— Your instructions —
Every line of the entries with the word "Grand" in it should be shown.

++++++++

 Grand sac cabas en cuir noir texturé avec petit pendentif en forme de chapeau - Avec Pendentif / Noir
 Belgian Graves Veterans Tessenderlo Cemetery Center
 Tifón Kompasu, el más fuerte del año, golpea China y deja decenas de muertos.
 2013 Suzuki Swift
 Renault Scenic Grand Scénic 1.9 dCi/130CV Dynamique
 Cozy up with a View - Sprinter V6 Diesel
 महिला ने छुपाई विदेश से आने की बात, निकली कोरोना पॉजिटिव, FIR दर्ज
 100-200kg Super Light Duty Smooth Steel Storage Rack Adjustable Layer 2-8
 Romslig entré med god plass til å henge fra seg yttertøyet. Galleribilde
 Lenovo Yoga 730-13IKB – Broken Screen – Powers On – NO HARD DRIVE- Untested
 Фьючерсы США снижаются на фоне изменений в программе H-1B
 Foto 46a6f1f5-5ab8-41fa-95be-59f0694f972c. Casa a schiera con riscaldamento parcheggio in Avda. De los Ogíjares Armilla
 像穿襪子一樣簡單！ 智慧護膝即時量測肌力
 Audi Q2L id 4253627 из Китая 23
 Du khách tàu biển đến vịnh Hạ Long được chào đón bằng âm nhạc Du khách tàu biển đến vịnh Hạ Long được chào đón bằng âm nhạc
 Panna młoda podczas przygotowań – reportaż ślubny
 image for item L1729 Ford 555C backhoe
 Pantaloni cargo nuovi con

++++++++

— Reply —
 Grand sac cabas en cuir noir texturé avec petit pendentif en forme de chapeau - Avec Pendentif / Noir
 Renault Scenic Grand Scénic 1.9 dCi/130CV Dynamique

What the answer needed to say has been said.